* WHAT THE TASK REQUIRES
The records follow. Transcribe only the lines from the line containing "Coussin décoratif, H 20 po x l 20 po, Brun" through the end, both ends included, and leave out the pictures.

* RECORDS SUPPLIED
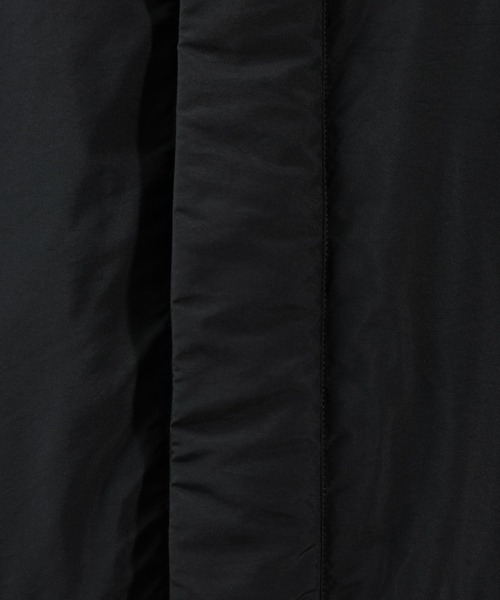 BAYFLOW（ベイフロー）の「ファイバー中綿フードブルゾン（ダウンジャケット/コート・メンズ・グレイッシュベージュ/ブラック・LARGE/MEDIUM）」の7枚目の写真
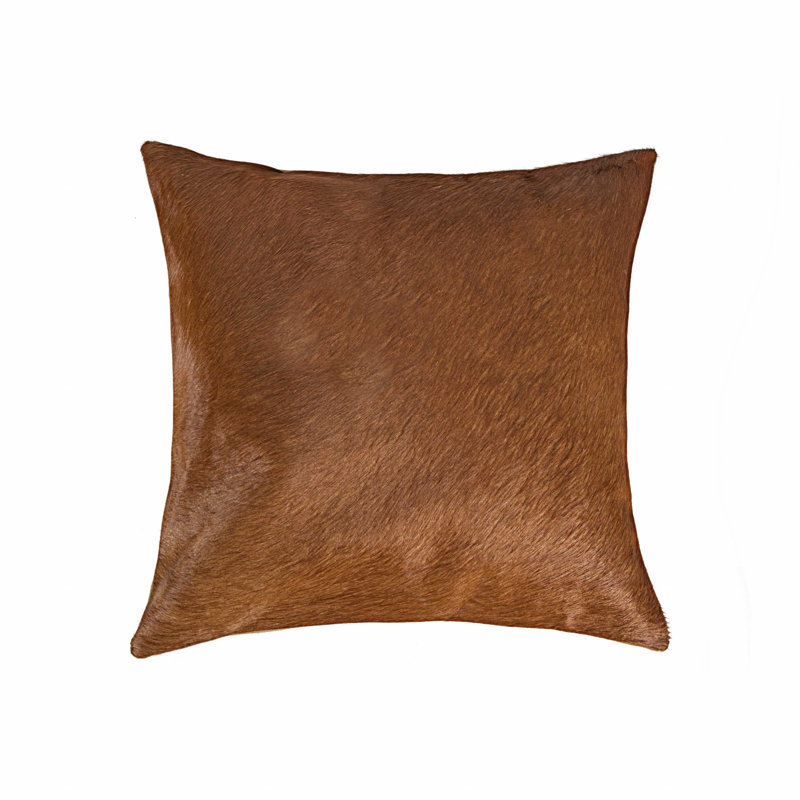 Coussin décoratif, H 20 po x l 20 po, Brun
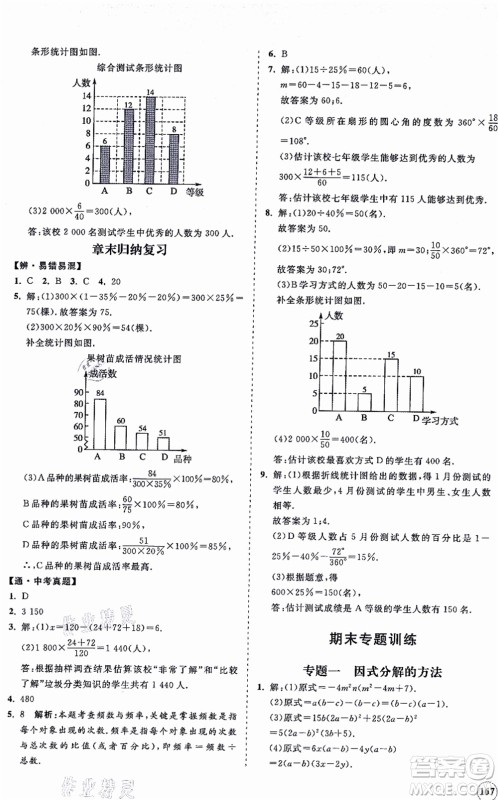 海南出版社2021新课程同步练习册八年级数学上册华东师大版答案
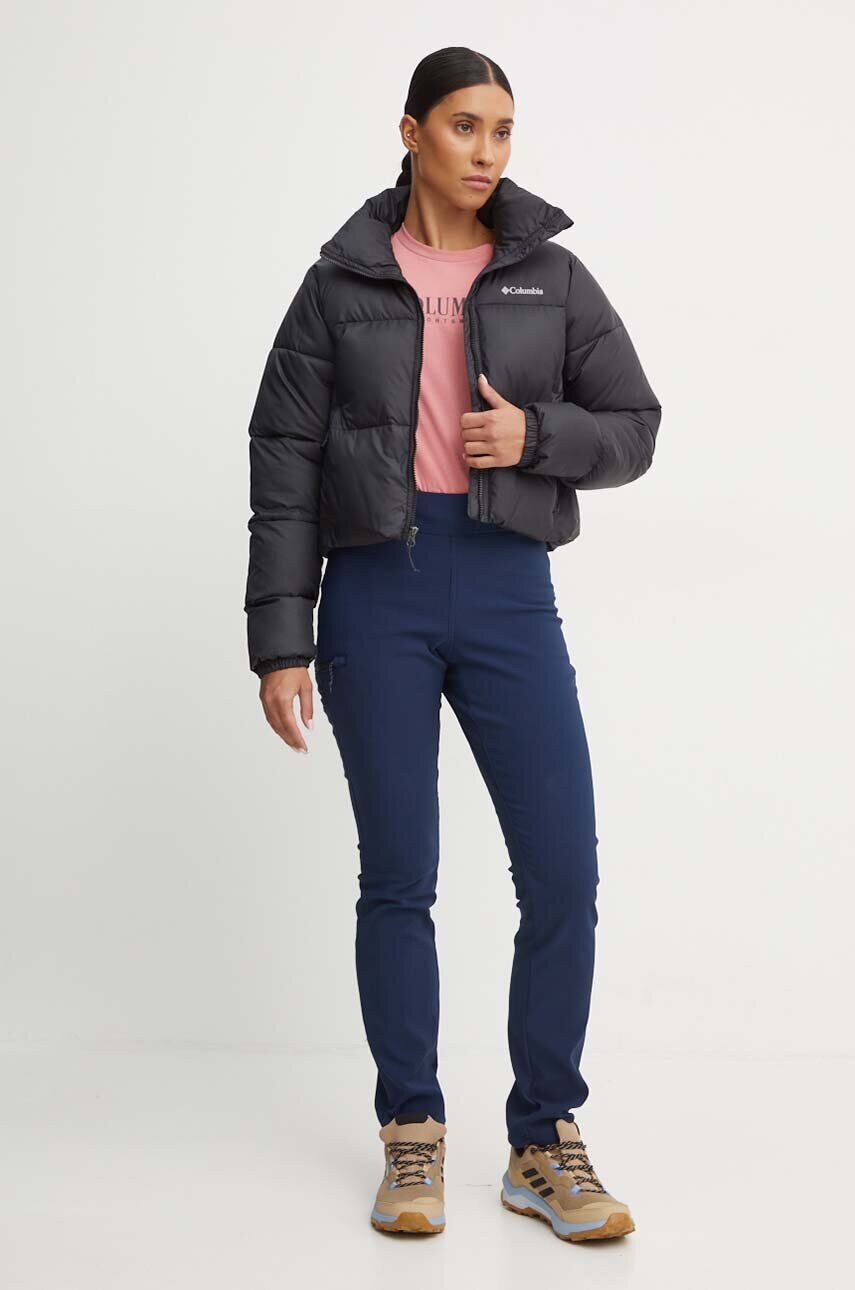 Куртка Columbia Puffect Colorblock жіноча колір чорний зимова 2088501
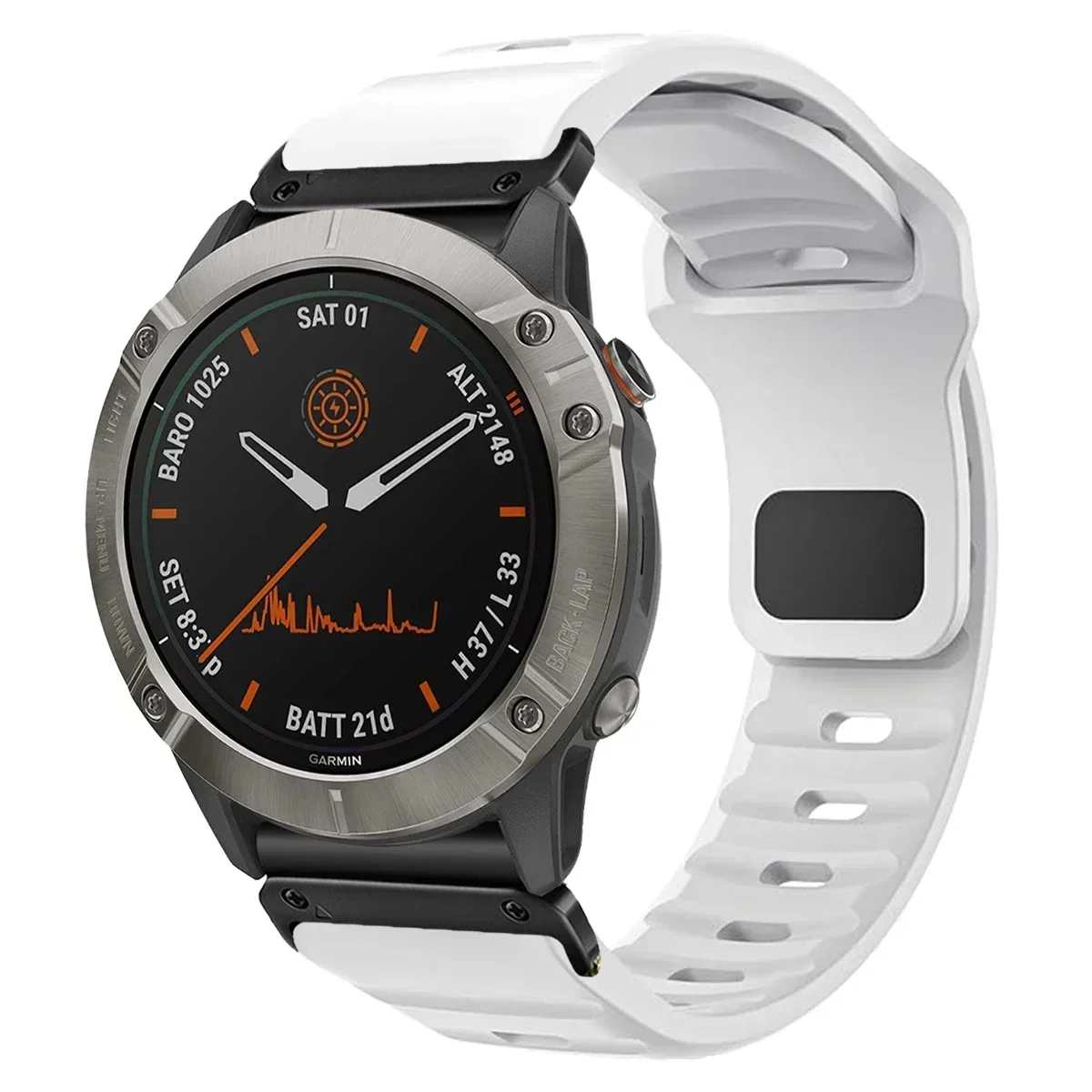 QuickFit Silicone No-Gap Watchband - Versatile 22mm & 26mm Strap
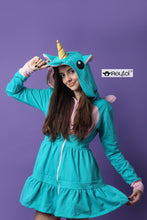 Cargar imagen en el visor de la galería, Olanes unicornio Turquesa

* TASK SOLUTION
 Coussin décoratif, H 20 po x l 20 po, Brun
 海南出版社2021新课程同步练习册八年级数学上册华东师大版答案
 Куртка Columbia Puffect Colorblock жіноча колір чорний зимова 2088501
 QuickFit Silicone No-Gap Watchband - Versatile 22mm & 26mm Strap
 Cargar imagen en el visor de la galería, Olanes unicornio Turquesa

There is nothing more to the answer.